## TASK STATEMENT
Look over the lines below. Report each one that includes the string "photo".

## EXTRACTED DATA
*** Begin section ***

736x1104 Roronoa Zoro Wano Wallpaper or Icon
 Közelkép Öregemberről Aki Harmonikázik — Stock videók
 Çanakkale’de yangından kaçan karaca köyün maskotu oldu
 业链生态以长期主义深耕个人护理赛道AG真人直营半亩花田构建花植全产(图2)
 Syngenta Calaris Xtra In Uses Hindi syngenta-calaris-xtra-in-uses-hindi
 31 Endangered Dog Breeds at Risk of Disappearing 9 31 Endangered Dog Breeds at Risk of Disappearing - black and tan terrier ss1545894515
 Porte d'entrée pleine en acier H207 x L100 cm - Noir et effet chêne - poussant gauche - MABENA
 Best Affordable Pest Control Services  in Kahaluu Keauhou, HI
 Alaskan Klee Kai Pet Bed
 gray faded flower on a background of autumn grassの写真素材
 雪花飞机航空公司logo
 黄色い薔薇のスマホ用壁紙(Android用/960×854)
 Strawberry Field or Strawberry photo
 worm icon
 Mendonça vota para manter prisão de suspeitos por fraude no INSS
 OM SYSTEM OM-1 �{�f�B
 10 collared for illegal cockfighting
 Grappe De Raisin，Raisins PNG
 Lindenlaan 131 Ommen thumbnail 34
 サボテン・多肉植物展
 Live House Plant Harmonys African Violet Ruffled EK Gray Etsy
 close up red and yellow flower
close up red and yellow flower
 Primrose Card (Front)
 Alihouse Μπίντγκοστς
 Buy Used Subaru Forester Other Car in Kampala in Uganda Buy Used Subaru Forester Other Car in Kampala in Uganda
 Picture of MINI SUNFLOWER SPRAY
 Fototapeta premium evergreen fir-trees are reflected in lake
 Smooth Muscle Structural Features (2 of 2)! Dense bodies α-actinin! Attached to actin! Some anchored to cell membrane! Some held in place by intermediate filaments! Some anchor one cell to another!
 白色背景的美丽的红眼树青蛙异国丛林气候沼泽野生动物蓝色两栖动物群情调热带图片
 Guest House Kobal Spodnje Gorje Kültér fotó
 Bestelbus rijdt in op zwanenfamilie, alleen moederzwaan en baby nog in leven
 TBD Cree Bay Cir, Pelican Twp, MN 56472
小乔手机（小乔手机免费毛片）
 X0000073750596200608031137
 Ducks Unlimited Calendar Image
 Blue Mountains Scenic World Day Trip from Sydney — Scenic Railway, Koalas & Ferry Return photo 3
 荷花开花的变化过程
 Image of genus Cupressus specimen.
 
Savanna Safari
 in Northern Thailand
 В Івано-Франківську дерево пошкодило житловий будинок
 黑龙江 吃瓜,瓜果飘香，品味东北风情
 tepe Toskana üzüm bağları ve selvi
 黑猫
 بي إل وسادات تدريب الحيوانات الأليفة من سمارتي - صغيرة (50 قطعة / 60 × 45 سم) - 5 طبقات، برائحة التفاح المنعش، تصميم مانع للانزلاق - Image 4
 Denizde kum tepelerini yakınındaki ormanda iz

*** End section ***

## ANSWER AREA
 Strawberry Field or Strawberry photo
 Blue Mountains Scenic World Day Trip from Sydney — Scenic Railway, Koalas & Ferry Return photo 3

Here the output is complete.